Despite new vans launched this year, you’d be wrong to dismiss the Volkswagen Crafter with its Euro VI engine

Business Van Review of the Volkswagen Crafter Euro VI

WITH so many new van launches this year, Volkswagen has remained somewhat in the shadows recently.

But behind the scenes, there are some big things going on in the German camp at present.

After finally eclipsing Vauxhall and taking its historic place at number two in the UK van sales charts, Volkswagen is now consolidating its position with the launch of a new series of special editions, aimed at fighting off the attack from all those new rivals such as the Ford Transit Custom and Mercedes-Benz Vito et al.

The Transporter and Caddy are the manufacturer’s two big sellers, but it would be wrong to dismiss the Volkswagen Crafter as an also-ran.

It comes off the same production line as the Mercedes-Benz Sprinter for starters (albeit with different engines) so build quality is assured to be top notch.

And with Vee Dub’s reputation for engineering reliability, we reckon the Crafter will stand up to any of the rivals in the heavy panel vans sector.

Volkswagen, Crafter, rear, van

The Volkswagen Crafter is well-made and has plenty of standard kit

On test here is the long wheelbase high roof model in Euro VI format. At a base price of £29,260, ignoring all the extra goodies that Volkswagen added to our test model, it weighs in at 3.5 tonnes gross vehicle weight.

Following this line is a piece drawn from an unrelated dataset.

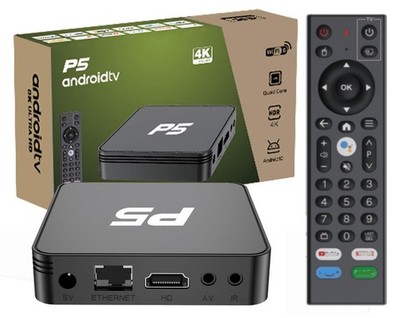 10pcs/lot dhl free P5 Android 10 ATV OS Set Top Box  2gb 8gb Dual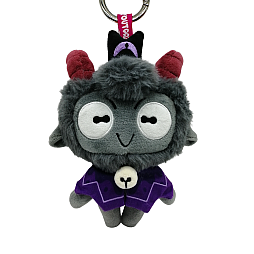 画像ギャラリー No.006のサムネイル画像 / 「Cult of the Lamb」Youtooz製ぬいぐるみキーホルダーを2026年9月下旬に発売。子羊,山羊,憑依された子羊の3種類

Load volume is a mighty 14 cubic metres and payload is 1,009kg.

Standard specification includes ABS, traction control and load adaptive ESC plus automatic hazard light warning under heavy braking, cruise control, stop-start, Bluetooth connectivity and a rubber floor with half height side load protection in the rear.

Our test model also had alloy wheels at £490, a reversing camera and 7in screen (£1,175), climatic air-conditioning (£1,065) and pearlescent paint (£820) plus a load of other stuff too numerous to mention.

If you buy vans for other people to drive it probably means you won’t order any of our goodies – and looking at the prices we can’t really blame you. Over a thousand smackers for fancy air-con – are they joking?

Under the bonnet goes a single 2.0-litre turbodiesel engine, offering outputs of 114bhp and163bhp, ours being the lower powered one. This variant is Euro 6, which means fewer CO2 and NOx emissions, but it does mean it has an AdBlue tank to refill (see gripes below).

If you don’t want one of these, then Euro 5s are still on sale with outputs of 109bhp, 136bhp and 163bhp.